- Also known as: The Boss (United States)
- Genre: Situation comedy
- Written by: Mark Burton; John O'Farrell; Dan Patterson;
- Directed by: Terry Kinane (pilot); Nick Wood (series 1-2);
- Starring: Jim Broadbent; Claire Skinner; Daniel Flynn; Stephen Moore; David Schneider;
- Country of origin: United Kingdom
- Original language: English
- No. of series: 2
- No. of episodes: 13

Production
- Executive producer: Denise O'Donoghue
- Producer: Dan Patterson
- Running time: 30 minutes
- Production company: Hat Trick Productions

Original release
- Network: BBC One
- Release: 4 September 1995 – 6 March 2000

= The Peter Principle (TV series) =

TV series

The Peter Principle (broadcast as The Boss in the United States) is a British television sitcom.
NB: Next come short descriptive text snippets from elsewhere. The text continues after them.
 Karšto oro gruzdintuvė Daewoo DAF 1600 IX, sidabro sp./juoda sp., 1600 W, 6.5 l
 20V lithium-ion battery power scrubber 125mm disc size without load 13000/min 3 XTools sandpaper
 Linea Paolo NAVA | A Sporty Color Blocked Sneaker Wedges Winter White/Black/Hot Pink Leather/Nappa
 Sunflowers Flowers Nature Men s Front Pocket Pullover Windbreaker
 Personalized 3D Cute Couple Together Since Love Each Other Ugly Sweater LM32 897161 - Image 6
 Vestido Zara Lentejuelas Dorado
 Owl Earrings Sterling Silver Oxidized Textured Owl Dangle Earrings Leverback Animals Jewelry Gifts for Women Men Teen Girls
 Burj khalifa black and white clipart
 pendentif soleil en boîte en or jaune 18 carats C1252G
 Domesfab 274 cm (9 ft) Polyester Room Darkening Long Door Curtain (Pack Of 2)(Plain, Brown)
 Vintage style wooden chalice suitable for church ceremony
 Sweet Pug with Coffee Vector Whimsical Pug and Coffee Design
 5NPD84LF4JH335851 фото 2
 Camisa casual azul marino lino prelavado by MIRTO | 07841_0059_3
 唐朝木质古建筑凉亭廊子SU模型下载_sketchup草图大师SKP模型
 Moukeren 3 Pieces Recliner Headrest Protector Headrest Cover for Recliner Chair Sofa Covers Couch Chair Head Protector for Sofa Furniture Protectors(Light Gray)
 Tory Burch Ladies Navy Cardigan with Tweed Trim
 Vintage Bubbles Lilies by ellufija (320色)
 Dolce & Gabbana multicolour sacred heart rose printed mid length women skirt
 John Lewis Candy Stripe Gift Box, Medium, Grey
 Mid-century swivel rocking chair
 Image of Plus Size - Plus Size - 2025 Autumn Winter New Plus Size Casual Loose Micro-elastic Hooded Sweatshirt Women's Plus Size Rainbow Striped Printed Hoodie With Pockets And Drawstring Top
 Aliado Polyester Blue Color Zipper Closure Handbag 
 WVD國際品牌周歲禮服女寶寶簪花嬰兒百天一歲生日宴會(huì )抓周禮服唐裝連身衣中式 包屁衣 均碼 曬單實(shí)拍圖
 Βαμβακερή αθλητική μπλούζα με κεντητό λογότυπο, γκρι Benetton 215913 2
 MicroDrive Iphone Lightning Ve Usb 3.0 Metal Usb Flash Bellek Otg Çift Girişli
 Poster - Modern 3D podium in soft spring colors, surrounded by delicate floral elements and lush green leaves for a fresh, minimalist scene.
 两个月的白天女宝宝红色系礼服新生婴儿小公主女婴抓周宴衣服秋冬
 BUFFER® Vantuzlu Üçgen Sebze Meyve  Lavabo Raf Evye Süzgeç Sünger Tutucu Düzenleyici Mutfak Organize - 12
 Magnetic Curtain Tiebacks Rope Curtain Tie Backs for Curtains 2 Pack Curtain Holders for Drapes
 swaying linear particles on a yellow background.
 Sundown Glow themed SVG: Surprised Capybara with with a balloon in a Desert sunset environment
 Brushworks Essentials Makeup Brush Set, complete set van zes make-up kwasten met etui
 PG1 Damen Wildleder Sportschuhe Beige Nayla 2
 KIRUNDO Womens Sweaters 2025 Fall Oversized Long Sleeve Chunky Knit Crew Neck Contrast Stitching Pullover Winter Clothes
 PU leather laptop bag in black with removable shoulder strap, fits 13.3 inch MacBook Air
It was produced by Hat Trick Productions, and first broadcast by the BBC between 1995 and 2000 and by PBS in the United States. The series is set in the Aldbridge branch of the fictional County and Provincial Bank, featuring Jim Broadbent as the title character, its inept manager, and Claire Skinner, Daniel Flynn, Stephen Moore and David Schneider as his employees. The programme takes its name from the Peter Principle, a concept in management theory that states that workers are promoted to their level of incompetence.

==Characters==
- Peter Duffley (Peter Duff in the pilot), Branch Manager (portrayed by Jim Broadbent) – Lazy and inept, Peter doesn't seem to take his job too seriously but manages to keep his position and is terrified of the idea of Assistant Manager Susan having any power at the branch.
- Susan Harvey, Assistant Manager (Lesley Sharp in the pilot; Claire Skinner in the series) – Career-minded and dedicated, Susan seems to be the person actually running the branch.
- David Edwards, Area Manager (Stuart McQuarrie in the pilot; Daniel Flynn in the series) – David is dedicated to County and Provincial, and knows that Peter doesn't give the job his all, but has a soft spot for him.
- Geoffrey Parkes, Chief Cashier (David Gant in the pilot; Stephen Moore in the series) – Geoffrey has been with the bank all his working life has little regard or time for Peter. He has his ear to the ground but seems happy not to have climbed to a position of greater responsibility and higher stress.
- Bradley Wilson, Junior Cashier (David Schneider) – Tech-savvy but not very intelligent, Bradley always obeys Peter out of a sense of fear.
- Iris, Secretary/Chief Clerk (Janette Legge; series 1) – Iris is middle-aged, quite dim, but appears very competent in her position.
- Brenda Corrigan, Cashier (series 1; Tracy Keating) – Brenda regards her position at the bank as little more than a pay packet.
- Barbara, Secretary/Chief Clerk (series 2; Beverley Callard) – Barbara's view of women in the workplace is that they should endeavour to sleep their way to the top. She fails to understand that Susan wishes to climb the ladder on merit alone.
- Evelyn Walker, Cashier (series 2; Wendy Nottingham) – After appearing in series 1 as a charity worker, Evelyn works for the bank in series 2. She suffers from bad nerves and spends almost as much time on the phone to the Samaritans as she spends doing her work duties.

==Episode list==

===Pilot (1995)===

| No. | Title | Original release date |
|---|---|---|
| 1 | "Pilot" | 4 September 1995 |

===Series 1 (1997)===

| No. | Title | Original release date |
|---|---|---|
| 2 | "Sex, Lies and Videotape" | 2 June 1997 |
| 3 | "Health Matters" | 9 June 1997 |
| 4 | "Upwardly Mobile" | 16 June 1997 |
| 5 | "The Midas Touch" | 23 June 1997 |
| 6 | "Insecurity" | 30 June 1997 |
| 7 | "Bank Hoiliday" | 7 July 1997 |

===Series 2 (2000)===

| No. | Title | Original release date |
|---|---|---|
| 8 | "Un Homme et Une Femme" | 3 February 2000 |
| 9 | "Desperately Seeking Susan" | 10 February 2000 |
| 10 | "Greyhound Day" | 17 February 2000 |
| 11 | "There's Something About Geoffrey" | 21 February 2000 |
| 12 | "Truly Bradley Deeply" | 28 February 2000 |
| 13 | "Casablanca" | 6 March 2000 |

==Locations==
Exterior scenes for the series were mainly filmed in Amersham, Buckinghamshire.